The capex argument for moving to cloud computing is virtually dead.
And while cloud does deliver on its money-saving promises, it only does so early on in a company’s journey.
Later, the pressure cloud computing “puts on margins can start to outweigh the benefits.”
All that comes from two experts at Andreessen Horowitz — the venture capital firm co-founded by two of cloud’s early pioneers. In a blog, Sarah Wang and Martin Casado make a series of – dare we say, compelling – points against the industry’s all-cloud push. Indeed, Wang and Casado rely largely on financial data to make their case.
But let’s back up.
The cloud sector has needed time to mature before anyone could fully understand the economic implications. That’s happening at last. And the results are not quite as sunny as the public cloud providers want people to think, according to Wang and Casado.
Yes, they say, shifting from on-premises infrastructure to the cloud makes sense as an organization gets off the ground. Yet, as that firm scales and growth starts to slow, things change. The long-term cost implications of cloud computing balloon, Wang and Casado say, providing numbers to solidify their stance.
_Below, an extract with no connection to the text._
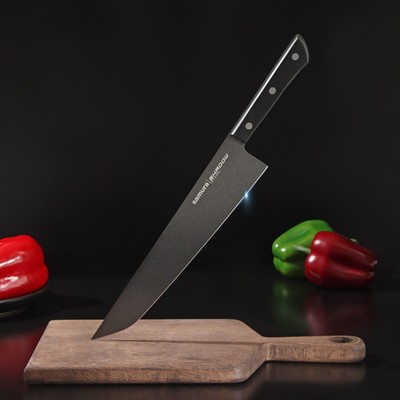 Нож кухонный Samura SHADOW, с покрытием Black-coating, 25 см, шеф, AUS-8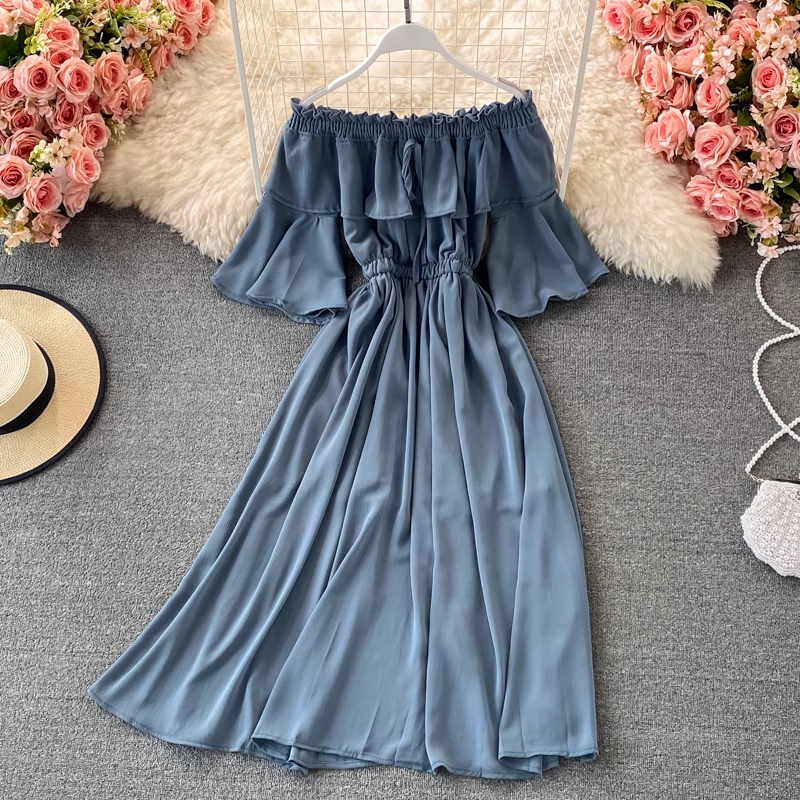 Elegant Off Shoulder Ruffled Chiffon Maxi Dress with Flared Trumpet Sleeves - Women's Boho Party Gown for Weddings, Date Nights & Special Occasions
At that point, though, organizations can’t just shift infrastructure. They’re locked in — a situation that can look an awful lot like the single-vendor dependence problems of yore. Regaining infrastructure freedom takes time and money, “and is often considered a non-starter,” per Wang and Casado.
Here’s perhaps the most intriguing part, one that channel partners may want to bear in mind as they work with customers: “[W]hen evaluated relative to the scale of potentially lost market capitalization – which we present in this post – the calculus changes. As growth (often) slows with scale, near-term efficiency becomes an increasingly key determinant of value in public markets,” Wang and Casado write. “The excess cost of cloud weighs heavily on market cap by driving lower profit margins.” Market capitalization, they say, “is being suppressed by the cloud.”
‘$100B of Market Value Is Being Lost’
Cloud computing is great, Wang and Casado say. However, its broader consequences are significant.
Here’s how they reach their assertions:
“We show (using relatively conservative assumptions!) that across 50 of the top public software companies currently utilizing cloud infrastructure, an estimated $100B of market value is being lost among them due to cloud impact on margins — relative to running the infrastructure themselves. And while we focus on software companies in our analysis, the impact of the cloud is by no means limited to software. Extending this analysis to the broader universe of scale public companies that stands to benefit from related savings, we estimate that the total impact is potentially greater than $500B.”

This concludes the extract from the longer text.